I should probably say given my experience of understanding when there's a so called bogus consensus is pretty open minded because I've seen the establishment mess things up, even the so called good guys, in ways that I really did know a thing or two. But in the process (like having to wade through alternative medicine) you get a pretty good eye for who the quacks are and who their victims of quackery are.
And I'm gonna say Dale you might be, as you've evolved in how you discuss the topic here, are either the best goddamn liar I've seen on CFC or you genuinely believe you're onto something that isn't just anti-liberal reactionism (it usually is with these things).
However my BS tolerance is now so far and above my open mindedness to non military non corporate research scientist culprit conspiracy theories.
So I can't follow your links in good faith. But I can say it's interesting.

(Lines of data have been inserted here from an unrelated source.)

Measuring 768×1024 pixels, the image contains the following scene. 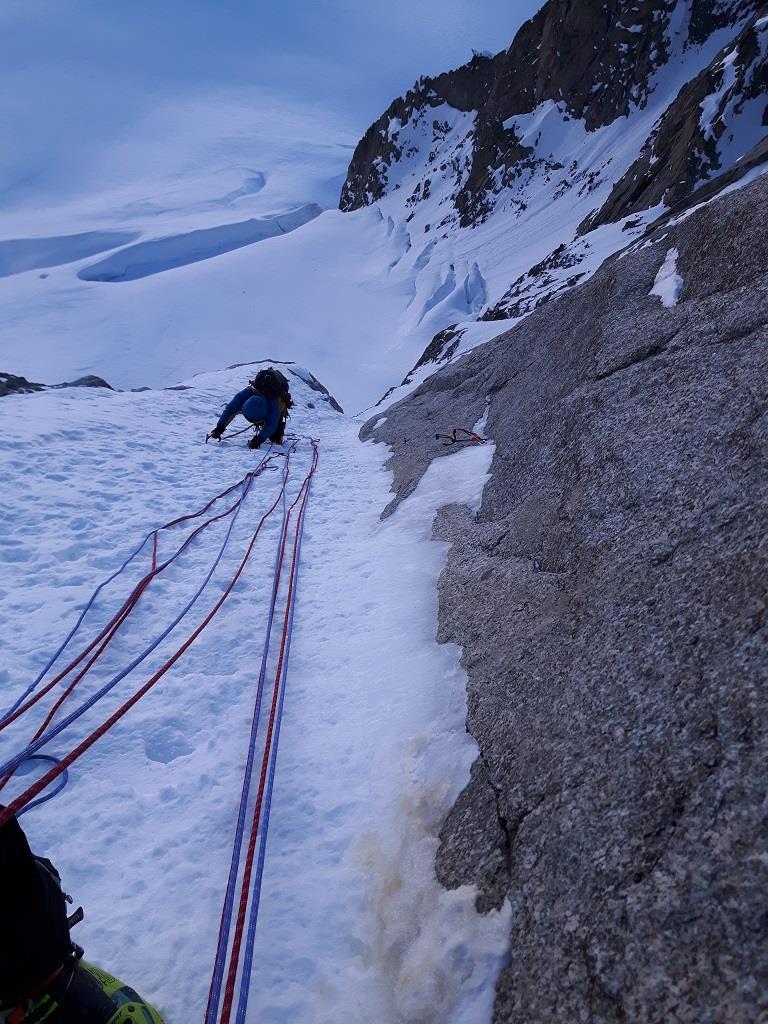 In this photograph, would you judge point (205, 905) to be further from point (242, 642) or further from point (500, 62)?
point (500, 62)

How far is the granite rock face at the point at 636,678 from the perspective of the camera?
62.3 inches

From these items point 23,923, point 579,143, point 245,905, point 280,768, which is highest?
point 579,143

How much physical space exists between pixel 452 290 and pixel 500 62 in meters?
37.6

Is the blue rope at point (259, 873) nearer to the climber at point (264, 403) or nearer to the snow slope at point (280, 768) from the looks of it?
the snow slope at point (280, 768)

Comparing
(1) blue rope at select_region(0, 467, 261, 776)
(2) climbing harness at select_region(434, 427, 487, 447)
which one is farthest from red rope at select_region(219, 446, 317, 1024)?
(2) climbing harness at select_region(434, 427, 487, 447)

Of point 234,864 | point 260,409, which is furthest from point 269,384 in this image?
point 234,864

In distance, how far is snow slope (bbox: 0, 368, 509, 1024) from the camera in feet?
6.89

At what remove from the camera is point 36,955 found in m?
1.58

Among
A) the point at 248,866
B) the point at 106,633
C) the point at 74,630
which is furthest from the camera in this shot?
the point at 106,633

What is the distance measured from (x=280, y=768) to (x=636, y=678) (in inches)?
73.1

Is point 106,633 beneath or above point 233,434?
beneath

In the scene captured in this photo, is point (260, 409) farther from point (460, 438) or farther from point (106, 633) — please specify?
point (106, 633)

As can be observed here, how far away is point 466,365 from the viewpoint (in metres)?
11.5

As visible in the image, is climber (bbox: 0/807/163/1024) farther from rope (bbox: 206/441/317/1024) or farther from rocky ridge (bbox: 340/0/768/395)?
rocky ridge (bbox: 340/0/768/395) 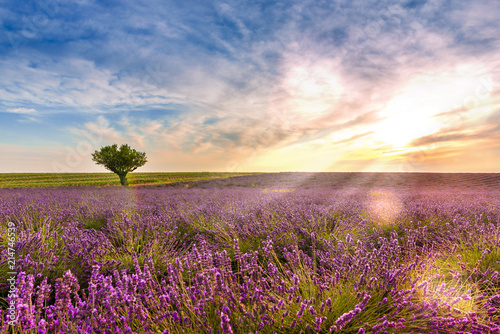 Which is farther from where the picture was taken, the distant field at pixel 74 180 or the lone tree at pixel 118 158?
the distant field at pixel 74 180

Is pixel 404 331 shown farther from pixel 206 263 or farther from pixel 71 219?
pixel 71 219

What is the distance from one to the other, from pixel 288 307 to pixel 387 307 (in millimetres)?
655

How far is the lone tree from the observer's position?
27984 mm

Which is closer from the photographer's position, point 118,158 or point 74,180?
point 118,158

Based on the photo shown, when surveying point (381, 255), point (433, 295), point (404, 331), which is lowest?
point (404, 331)

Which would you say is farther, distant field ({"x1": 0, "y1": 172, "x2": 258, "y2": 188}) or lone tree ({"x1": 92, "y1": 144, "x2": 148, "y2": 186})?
distant field ({"x1": 0, "y1": 172, "x2": 258, "y2": 188})

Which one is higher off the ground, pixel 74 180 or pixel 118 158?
pixel 118 158

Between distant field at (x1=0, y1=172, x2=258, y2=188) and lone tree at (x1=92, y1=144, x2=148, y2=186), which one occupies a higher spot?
lone tree at (x1=92, y1=144, x2=148, y2=186)

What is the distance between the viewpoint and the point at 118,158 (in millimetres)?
28047

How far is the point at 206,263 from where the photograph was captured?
2.00 metres

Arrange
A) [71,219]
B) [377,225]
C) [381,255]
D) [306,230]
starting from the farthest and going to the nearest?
[71,219] → [377,225] → [306,230] → [381,255]

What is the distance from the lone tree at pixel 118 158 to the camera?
2798cm

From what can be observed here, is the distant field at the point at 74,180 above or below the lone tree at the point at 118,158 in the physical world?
below

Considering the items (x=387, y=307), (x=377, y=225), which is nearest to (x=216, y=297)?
(x=387, y=307) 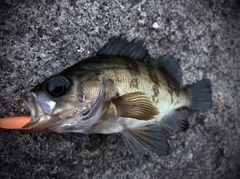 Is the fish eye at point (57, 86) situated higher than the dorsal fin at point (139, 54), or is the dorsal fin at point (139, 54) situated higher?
the dorsal fin at point (139, 54)

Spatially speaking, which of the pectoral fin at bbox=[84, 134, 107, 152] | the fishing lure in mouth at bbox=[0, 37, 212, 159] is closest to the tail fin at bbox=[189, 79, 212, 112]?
the fishing lure in mouth at bbox=[0, 37, 212, 159]

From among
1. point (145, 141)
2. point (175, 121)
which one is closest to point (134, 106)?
A: point (145, 141)

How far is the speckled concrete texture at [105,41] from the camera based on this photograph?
160cm

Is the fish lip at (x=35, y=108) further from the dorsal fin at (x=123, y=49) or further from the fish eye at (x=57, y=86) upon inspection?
the dorsal fin at (x=123, y=49)

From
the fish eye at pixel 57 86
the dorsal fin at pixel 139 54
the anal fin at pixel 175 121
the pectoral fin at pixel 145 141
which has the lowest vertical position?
the pectoral fin at pixel 145 141

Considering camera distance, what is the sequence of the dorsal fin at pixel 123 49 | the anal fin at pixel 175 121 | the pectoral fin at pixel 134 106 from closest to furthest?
1. the pectoral fin at pixel 134 106
2. the dorsal fin at pixel 123 49
3. the anal fin at pixel 175 121

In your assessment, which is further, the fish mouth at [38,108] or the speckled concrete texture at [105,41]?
the speckled concrete texture at [105,41]

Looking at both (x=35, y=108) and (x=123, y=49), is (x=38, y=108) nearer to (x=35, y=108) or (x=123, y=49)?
(x=35, y=108)

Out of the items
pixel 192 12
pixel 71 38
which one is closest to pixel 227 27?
pixel 192 12

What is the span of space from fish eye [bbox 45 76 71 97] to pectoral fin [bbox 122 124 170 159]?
0.38m

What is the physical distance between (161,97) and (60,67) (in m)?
0.48

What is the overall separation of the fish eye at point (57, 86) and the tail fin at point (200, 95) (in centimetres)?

Dale has a tendency to quote studies that are on the low-impact side of the global warming research and to wade into name-calling and the like when the argument gets heated, but he does have a good understanding of climatology. He's one of the few posters, and probably the only one from the "it's not a big deal" camp, that I tend to learn from when I read climate change debates.
One of the problems the climate change debate has is that the probability distribution for possible human impacts has a long right tail. This is a problem for how people tend to debate this, because debate and skewed distributions don't seem to go along together.
The median outcome, as far as I understand it, seems to be that global CO2 concentrations reach something like ~560 ppm (~2x preindustrial), causing warming of something on the order of 2-3.5 C from present, not all of which even happens by 2100 (probably 1-2.5 C by then). Sea level rise is generally less than 1 m before 2100 under the IPCC's scenarios and rarely climbs beyond ~3 m even in the very long run.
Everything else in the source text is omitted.